23 Bootstrap for the studentized sample mean

As before, assume throughout that \(X_1,\dots,X_n\) are independent, identically distributed random variables with mean \(\mu\) and variance \(\sigma^2 < \infty\). In this section, instead of considering the quantity \(Y_n = \sqrt{n}(\bar X_n - \mu)\), which is asymptotically distributed as \(\mathcal{N}(0,\sigma^2)\) as \(n \to \infty\), we will consider a studentized version \(T_{n} = \sqrt{n}(\bar X_n - \mu)/S_n\), which is asymptotically distributed as \(\mathcal{N}(0,1)\) as \(n \to \infty\) (\(S_n\) is the sample standard deviation). We will find that beginning with a studentized statistic can lead to better performance of bootstrap confidence intervals.

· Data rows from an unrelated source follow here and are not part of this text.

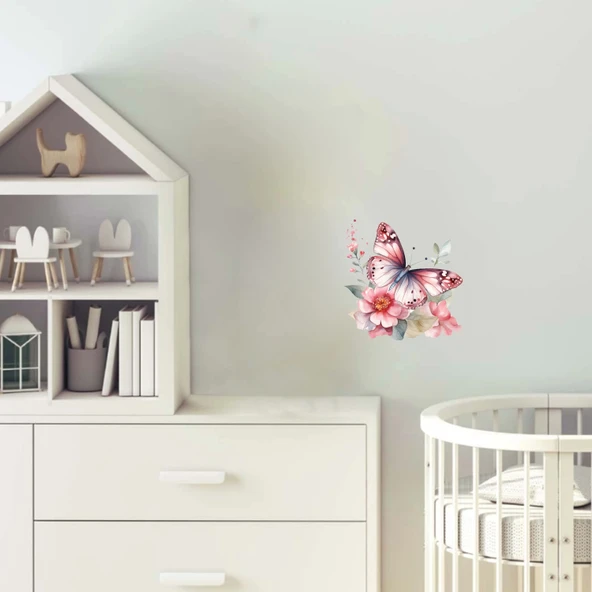 Parlak Pembe Kelebek ve Çiçekler Duvar Stickerı ürün görseli 1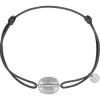 BRACELET AURORE CORDON GRIS PDL GRISE COUSSIN + DIAMANTS OR BLANC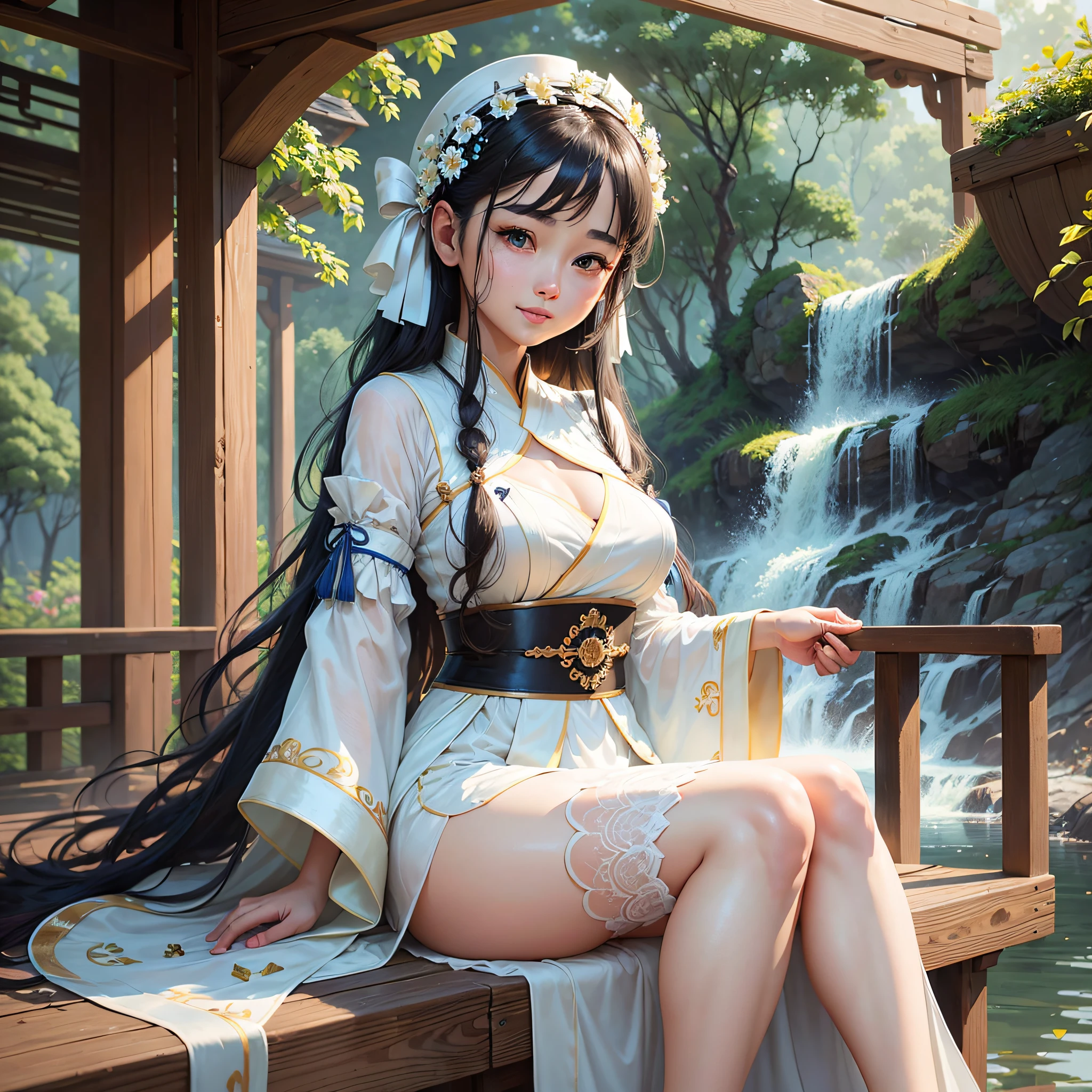 best quality,masterpiece,illustration,an extremely deciple and beautiful,extremely detailed,CG,unity,8k wallpaper,Amazing,finely detail,master,best quality,official art, extremely detailed CG unity 8k wallpaper, ridiculous, incredibly ridiculous, huge file size, super detailed, high resolution, very detailed, pretty detailed girl, very detailed eyes and face, beautiful detailed eyes, light on face, (Hanfu: 1.1), 1girl, full body, full body In a beautiful pavilion, a girl with black hair and white dress, white knee-length stockings sitting on a stone bench, looking at the blue sky and white clouds in the sky. A gentle breeze ruffled her hair. The water splashed from the waterfall behind him, wetting the skirt. The sun shone on her, she smiled, wet, she was sexy --auto --s2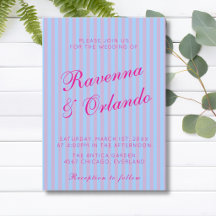 Mariage à rayures roses bleues rétro rose vif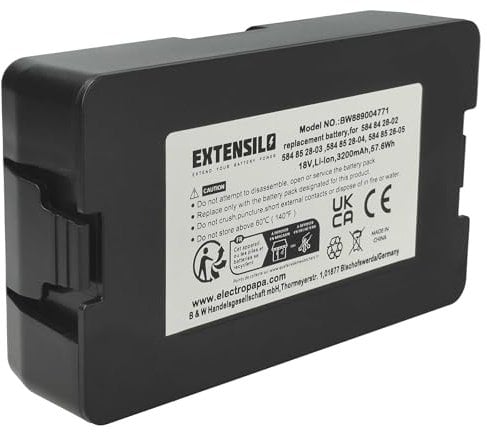 EXTENSILO Akku Ersatz für Husqvarna 5848228-01, 5848428-02, 00059-32.472.01 (593247201) für Rasenroboter (3,2Ah, 18V, Li-Ion)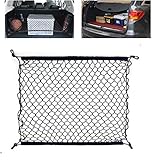 Car Cargo Net, Adjustable Elastic Organizer, Nylon Trunk Storage Net, Universal Fit for Car Boot Vehicle Van SUV (27.5'' x 27.5'')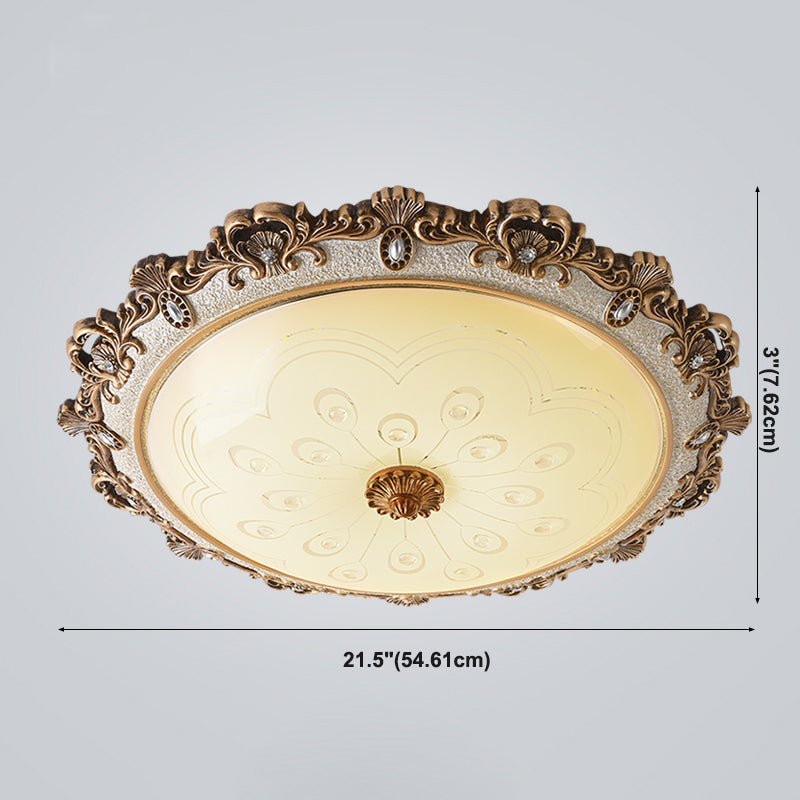 Lámpara LED retro tradicional de estilo simple, lámpara de montaje empotrado con pantalla de vidrio para sala de estar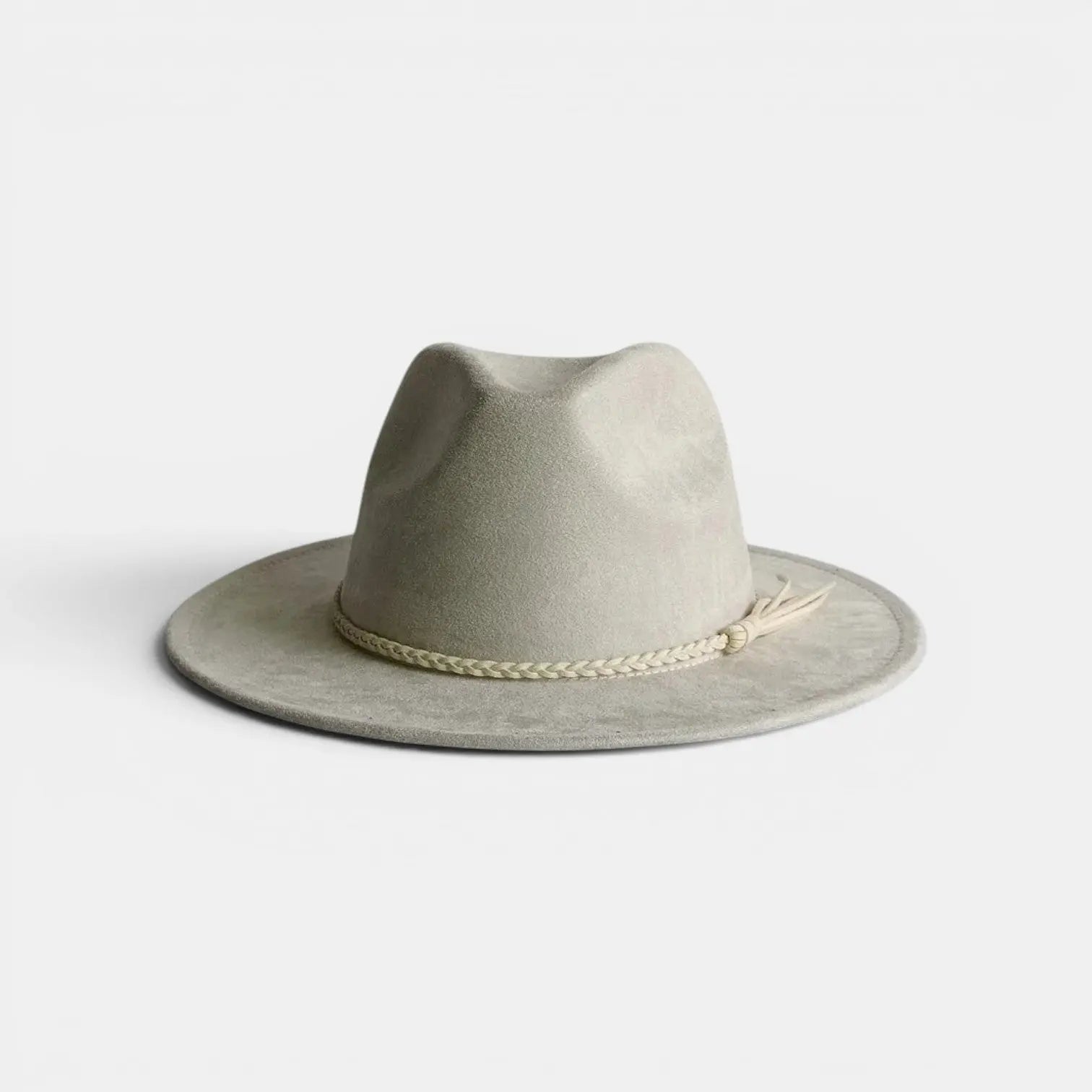 Chapeau Fedora Suédine Bord Large avec Boucle Métal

Let \(\bar X_n = n^{-1}\sum_{i=1}^n X_i\) and \(S_n^2 = (n-1)^{-1}\sum_{i=1}^n(X_i - \bar X_n)^2\) and consider the quantity \[ T_{n} \equiv \sqrt{n}(\bar X_n - \mu)/S_n\overset{\text{d}}{\longrightarrow}\mathcal{N}(0,1), \] where the convergence in distribution follows from the central limit theorem together with Slutzky’s theorem under the assumption \(\mathbb{E}|X_1|^3 <\infty\).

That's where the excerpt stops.